The township had employed the contractor for the construction of a sanitary sewer in the homeowners’ neighborhood. Before this construction, none of the homeowners had experienced water or sewage problems. Following the construction of the sanitary sewer, the homeowners reported flooding in their homes of 2-6 feet of water and sewage.

Noting the Supreme Court’s rule from Coleman, the appellate court stated that the township would be immune from liability on the claims of negligent design and construction because the design and construction of a sewer system is a "governmental function." However, under the same rule, the township would not be immune from liability for negligent maintenance and repair of the sewer system.

The homeowners did not identify any particular part of the sanitary sewer that was broken and had not been repaired and simply argued that upgrades or changes could be made to prevent their properties from being flooded. Applying the rule from Coleman, the court held that the "failure to upgrade" the sewer system is different from the failure to maintain or repair the system. The court held that the township’s failure to upgrade the sewer system capacity is an immune governmental function under R.C. 2744.01 and therefore, the township was not liable for those claims.

In addition, the court held that some of the homeowners’ claims could not be brought because the four-year statute of limitations had passed. The homeowners alleged that the contractor had cut an existing drain system during the construction of the sewer system, which was completed in 2001, and that this had caused the flooding in 2005. However, one of the homeowners had admitted to water entering the basement, the lifting of the basement flooring, moisture on the foundation walls, and to making complaints to the contractor in 2000 and 2001.

Despite this, the homeowners argued that their claim had not accrued for statute of limitation purposes until 2005. Even though these homeowners may not have actually known about the flooding problem until 2005, the court held that they reasonably should have known of the problem in 2001 and therefore, their claim accrued in 2001. Because of this, some of the claims were barred by the four-year statute of limitations.

Finally, the court addressed the homeowners’ claims that the continual flooding constituted a "government taking" of their property and found that several of the claims would need to be argued at trial.

First, the homeowners’ expert witness had testified that he "believed" the drain system that was cut by the contractor had caused the flooding on some of the homeowners’ property. However, the township’s expert witness testified that it was not the cause of the flooding. Due to this conflict, the appellate court found that this was an issue to be determined at trial.

Next, the court examined the testimony from the township’s expert witness regarding another homeowner’s property. There, the expert had testified that it was the high groundwater elevation and lack of drainage pipes that were the cause of the flooding at that property. The homeowners did not give the court evidence to counter this testimony, so the court found in favor of the township on that portion of the claims.

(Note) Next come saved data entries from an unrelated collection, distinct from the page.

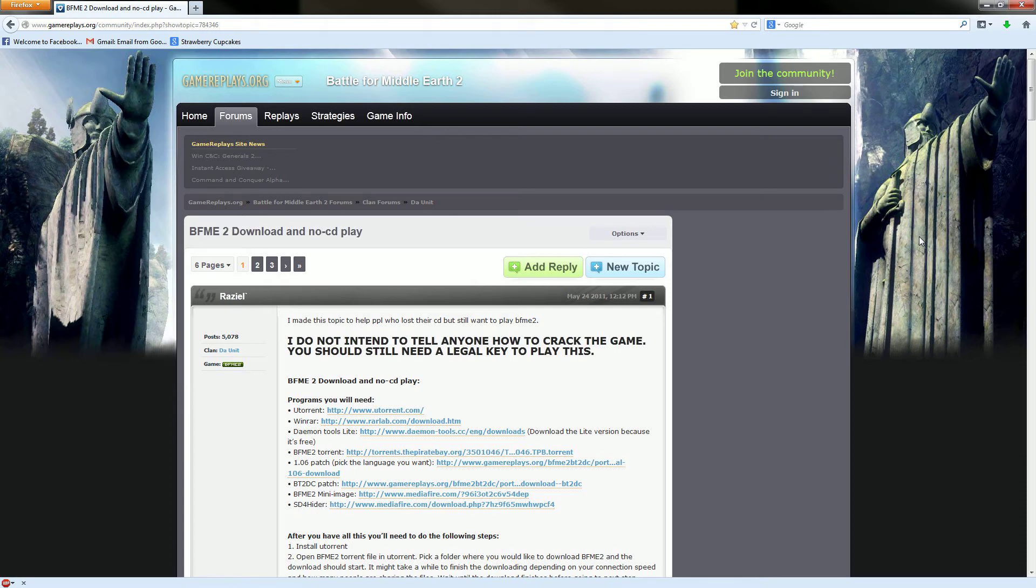Alright guys, I'm going to show you how to install Battle of Middle-Earth without having to have your play CD like I don't have twice in a row since I bought the game more than once.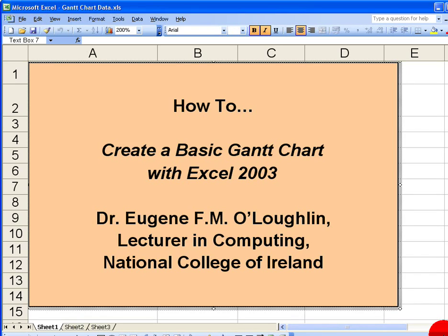Hi everybody, this is Eugene O'Loughlin, lecturing computing at the National College of Ireland. In this short video I want to show you how to create a basic Gantt chart using Microsoft Excel version 2003.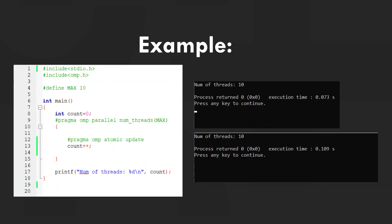When we use the OMP atomic update construct, it ensures that only one thread at a time updates a shared variable, avoiding errors from simultaneous writes to the same variable. As we can see in this example, we get a consistent result of 10 every time we run the program.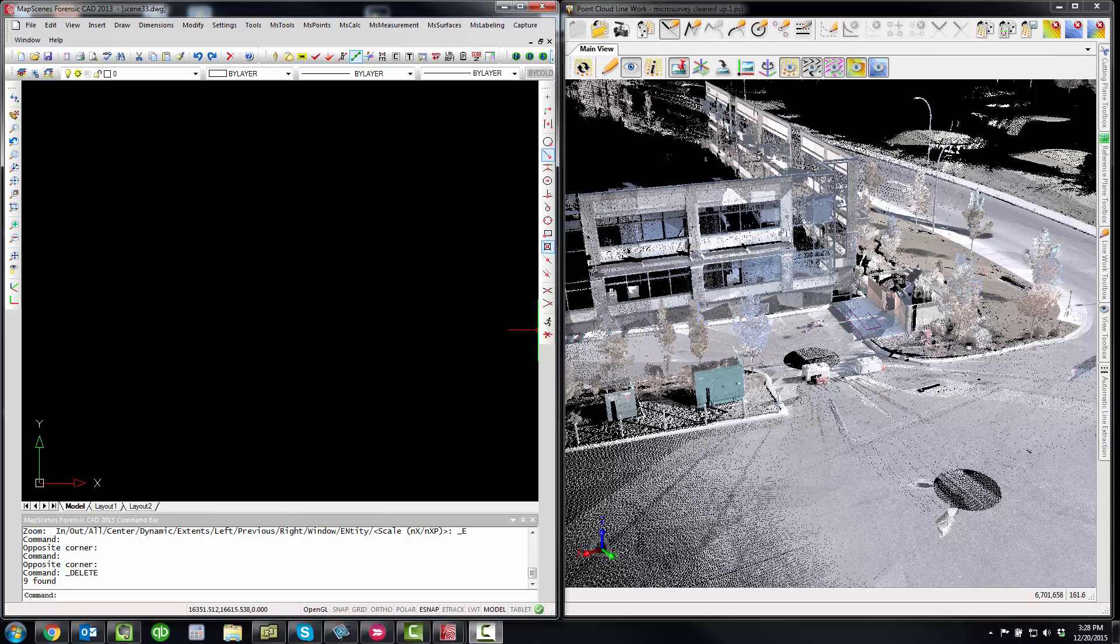With the release of IMS Map 360, which is the next generation of our Map Scenes Forensic CAD, we get a lot of questions about what are the main differences when working with point clouds.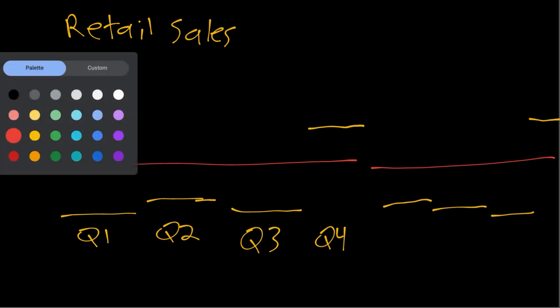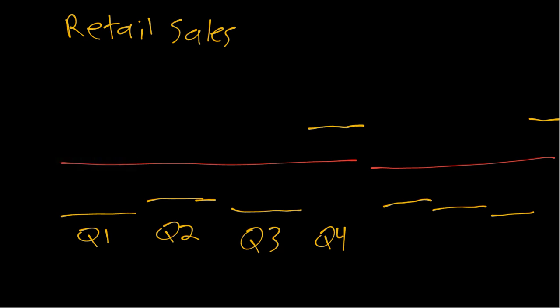If instead we had done the opposite and disaggregated to let's say monthly we would still see something like this where you know October is not that much higher but then December is really high and November is pretty high. So we would again see seasonality at monthly or certainly any lower level weekly, daily, etc.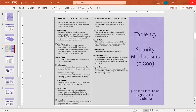Next is security recovery. It deals with requests from mechanisms such as event handling and management functions, and takes recovery actions. Security recovery is a mechanism that recovers from a breach or loss to enable the proper functioning of the system.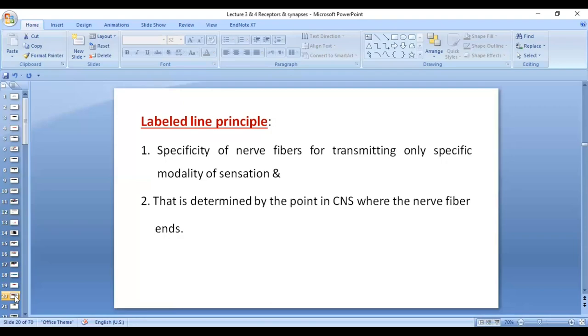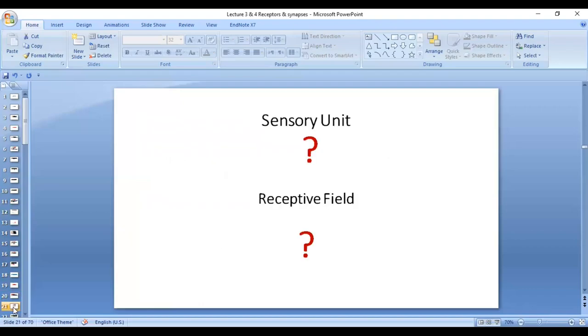The type of sensation that is felt — for example, vision or hearing — is always determined by the point in the cortex where the nerve fiber ends. If the nerve fiber ends in the visual area, vision will be perceived. If it ends in the auditory area, hearing will be perceived. These are the two important points of the labeled line principle.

Last, as to another property, the township argued that there was no evidence of design, construction or maintenance issues with the sanitary sewer system. However, because the township did not prove that the sewer lines were not the cause of the homeowners’ flooding, the court held that this was an issue to be examined at trial. Accordingly, the township was immune from some of the homeowners’ claims while other claims remained to be decided at trial.